For the 1993 World Rally Championship season, the Subaru team debuted its now distinctive blue and yellow color scheme, along with a new title sponsor, State Express 555. Ari Vatanen and Colin McRae remained the primary drivers, with the season being McRae's first complete year of World Rally Championship competition. Markku Alén, returned part-time to the team after a brief stint at Toyota in 1992, and took 4th for Subaru in Portugal. McRae took the first win for Subaru, at the eighth event of the season, Rally New Zealand, the last outing for the Group A Subaru Legacy rally cars.
At the next event, Rally Finland, Subaru debuted their new Prodrive developed Group A Impreza rally car, known as the Impreza 555, driven by Vatanen and Alén.
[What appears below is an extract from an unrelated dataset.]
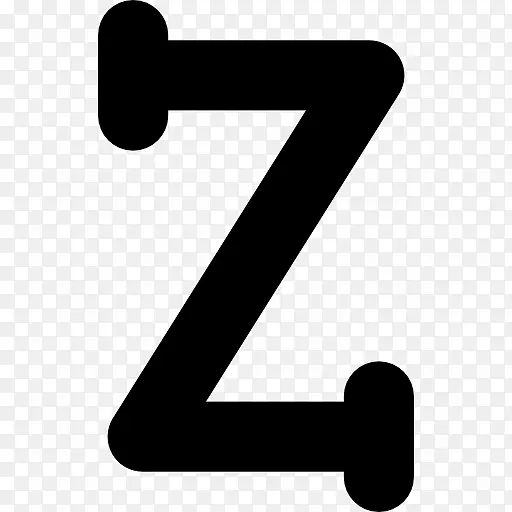 希腊字母Zeta符号.符号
Alén crashed on the first stage, and did not drive for Subaru again. Vatanen, however, showed the car to be quick, even leading the rally at one point, and managing a second-place finish. At the end of the season, Vatanen took seventh in the Drivers' Championship, and Colin McRae finished in fifth with 50. Subaru finished third in the Manufacturers' Championship. Other drivers also competed for the Subaru team at selected events. New Zealand driver Possum Bourne, veteran of Subaru's early days, joined the team for the Rally New Zealand and Rally Australia. Piero Liatti competed in Rallye Sanremo and Rally Great Britain. Drivers Richard Burns and Alister McRae had competed in the British Championship, which Burns won, and appeared again in Legacies for Rally Great Britain, where Burns finished seventh and McRae tenth. Drivers Per Eklund and Hannu Mikkola drove for the team in Rally Sweden.

===1994–1995===
In 1994, former World Rally Drivers' Champion Carlos Sainz joined the team with co-driver Luis Moya, and took the Impreza 555 to its first win at the Acropolis Rally in Greece. It later took wins in New Zealand and Great Britain with McRae at the wheel. In the Championship for Manufacturers, they achieved a second-place finish, behind Toyota, with Sainz placing second in the driver's championship, and McRae placing fourth. Other drivers for the Subaru team in 1994 included Patrick Njiru, competing in the Safari Rally, Richard Burns in the Safari Rally and Rally Great Britain, Possum Bourne in New Zealand, and Piero Liatti at Rallye Sanremo.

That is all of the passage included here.